Como alerta o Tesouro, o nível do comprometimento da receita com folha de salários e o serviço da dívida avalia a solvência fiscal de um governo. Como essas despesas têm elevada rigidez, municípios que usam um percentual muito alto da sua receita com elas dispõem de pouco espaço fiscal para lidar com cenários em que ocorre redução da arrecadação. Assim, diz o Tesouro, essas prefeituras “podem apresentar situação fiscal mais vulnerável e maior risco de insolvência”.
Disponibilidade de caixa
Quando se observa a disponibilidade de caixa frente às despesas, Palmas é um exemplo: possui reservas para honrar 11 meses de gastos previstos. O Rio de Janeiro é o exemplo oposto: a disponibilidade de caixa é negativa, insuficiente para bancar um único mês que seja de suas atividades básicas, caso não haja o ingresso de novas receitas.
Saúde fiscal
Tendo como base esses e outros indicadores, o Tesouro confere notas à saúde fiscal das cidades. Há apenas 13 consideradas com boa saúde financeira (notas A ou B), ante 15 no ano anterior. Aracaju, Curitiba e Vitória foram os destaques positivos, porque tiveram as suas notas elevadas de B para A. Na direção oposta, Boa Vista caiu de A para C, e Fortaleza recuou de B para C. A nota de São Paulo se manteve em B nas três últimas avaliações.
A irresponsabilidade do Rio de Janeiro
Como se pode notar pelos números, os desafios enfrentados pela cidade do Rio de Janeiro não são pequenos. Ainda assim, o prefeito Marcelo Crivella tomou uma decisão com potencial de aprofundar as dificuldades. Num rompante populista, assumiu a operação da Linha Amarela, passando por cima do contrato existente com a empresa privada dona da concessão, a Lamsa.
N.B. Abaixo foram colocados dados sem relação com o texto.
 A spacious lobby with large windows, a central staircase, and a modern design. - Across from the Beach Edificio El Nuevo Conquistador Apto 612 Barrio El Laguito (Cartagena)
O prefeito suspendeu a cobrança do pedágio e agora trava uma disputa judicial com a empresa.
No mês passado, o presidente do Superior Tributal de Justiça (STJ), o corregedor Humberto Martins, derrubou três liminares anteriores favoráveis à Lamsa e autorizou que o município retomasse a administração da via expressa. Avalizou, portanto, a irresponsabilidade do prefeito. Detalhe: o contrato vence apenas em 2037 e não há evidências de que há razões objetivas para ele ser rompido. Criou-se uma insegurança jurídica enorme, que certamente afetará os investimentos futuros na cidade.
Em breve deverá ocorrer o leilão para a privatização dos serviços da Cedae, a estatal estadual de saneamento básico. Quem vai investir no negócio, sabendo da possibilidade de um político qualquer – e com o aval da Justiça – cancelar o contrato de uma hora para outra? E, pior, sem nenhuma indenização, como estabelecem os termos da concessão.
A Lamsa, para estender o contrato até 2037, fez um acordo que previu o investimento de R$ 250 milhões. A prefeitura quebrada terá capacidade de fazer o mesmo? Os motoristas ficaram livres do pedágio, mas logo terão que enfrentar uma rodovia deteriorada e mais perigosa.
O despropósito do prefeito Crivella já deu frutos. Dois deputados estaduais apresentaram um projeto para que o estado encampe a operação da Via Lagos. Açoitar o capital privado deveria ser a última das prioridades de um governo quebrado e carente de investimentos.
Os políticos cariocas, certamente, contam com os atributos naturais do estado, como as receitas do turismo e do petróleo, para reverter a situação. Isso pode ser ilusório. Riquezas naturais, quando não são utilizadas com inteligência, como na Noruega, podem aprofundar a pobreza, como na Venezuela. É a maldição dos recursos naturais. Um caminho muito mais promissor para o prefeito do Rio e também para os das outras capitais é cuidar para que as finanças de seus municípios sejam sustentáveis. Quase todos vão herdar cidades em situação delicada. Terão pouco espaço no orçamento para realizar investimentos. São os prefeitos, portanto, que deveriam se colocar no grupo de maiores interessados em ver aprovadas as reformas tributária e administrativa.